The majority shareholders who once controlled Yukos Oil Co. and their lawyers at Shearman & Sterling are poised to announce Monday whether the Russian Federation must pay billions for seizing the oil giant more than a decade ago.
GML Ltd., the shareholders’ holding company, said Wednesday that it will hold a July 28 press conference in London to unveil the long-awaited decision from the Permanent Court of Arbitration in The Hague. GML and its lawyers have pegged damages at $114 billion, making the case the largest in investor-state arbitration history.
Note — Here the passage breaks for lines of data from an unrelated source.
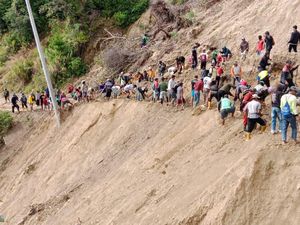 Longsor di Rongkong Lutra 2 Bulan Tutup Akses Jalan, Warga Turun Bersihkan Longsor di Rongkong Lutra 2 Bulan Tutup Akses Jalan, Warga Turun Bersihkan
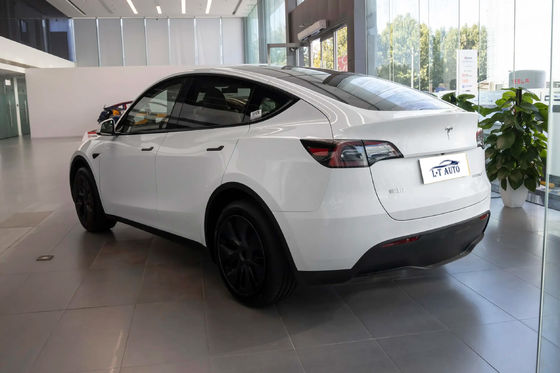 2024 Tesla Model Y 5 portas 5 lugares 4 rodas EV Carro 4750x1921x1624mm comprimento largura altura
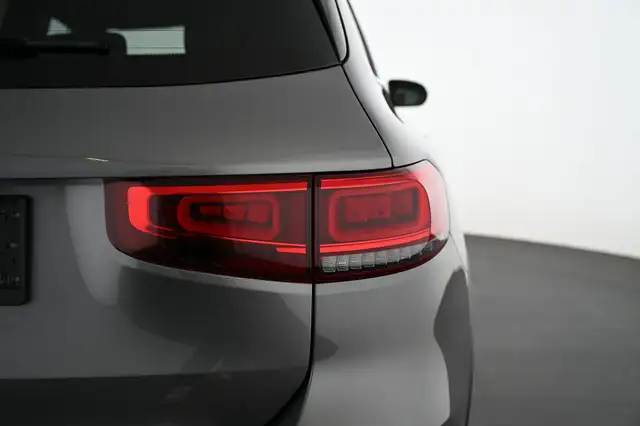 Mercedes-Benz GLB view 14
“After 10 years of intense battle we are happy to confirm that on Monday the world will at last hear the judgment of the most eminent possible tribunal on the disgraceful treatment of Yukos by the Russian Federation,” Shearman & Sterling’s Emmanuel Gaillard told The American Lawyer.
Yukos began as a state-owned company but was privatized during the 1990s through a series of auctions. At its peak, it was Russia’s most profitable company and pumped 2 percent of the world’s oil. Russian business tycoon Mikhail Khodorkovsky served as chief executive and was the largest shareholder in GML (formerly Group Menatep) before he transferred his stake to another onetime Yukos executive, Leonid Nevzlin.
Under Putin’s leadership, the Russian government imposed a series of tax levies on Yukos beginning in April 2004. Over the following three and half years it declared Yukos bankrupt and auctioned off its assets, most of which ended up in the control of state-run OAO Rosneft. In 2005 Khodorkovsky was convicted of tax fraud and sentenced to prison amid a wider purge targeting members of Russia’s business elite.
The Russian government has argued that its actions were necessary to root out alleged corruption and tax fraud, but former Yukos shareholders say the company’s expropriation and Khodorkovsky’s prosecution were politically motivated. Khodorkovsky was released from prison last year.
GML commenced the arbitration in 2005, availing itself of a provision in the Energy Charter Treaty that allows investors to arbitrate expropriation claims against signatory governments like Russia. Tim Osborne, a British tax lawyer serving as director of GML, promised a “lifetime of litigation,” as The American Lawyer’s Michael D. Goldhaber has reported here and here.
Paris-based Shearman & Sterling partners Gaillard and Yas Banifatemi will join Osborne at Monday’s press conference to announce the award, according to GML. Russia is represented by Claudia Annacker and Lawrence Friedman of Cleary Gottlieb Steen & Hamilton and Jay Alexander and Michael Goldberg of Baker Botts, among others.
If GML gets even a fraction of the billions it’s seeking, the award could easily shatter current records. The largest international arbitration award to date was won by Dow Chemical Co. in 2012, when arbitrators affiliated with the International Chamber of Commerce ruled that Kuwait’s Petrochemical Industries Co. must pay the company $2.473 billion (including interest). Shearman & Sterling also represented Dow in that case.
Former Yukos executive Nevzlin, who fled to Israel in 2003 to avoid prosecution, holds a roughly 67 percent stake in the award.
Lawyers for Russia didn’t immediately return calls seeking comment.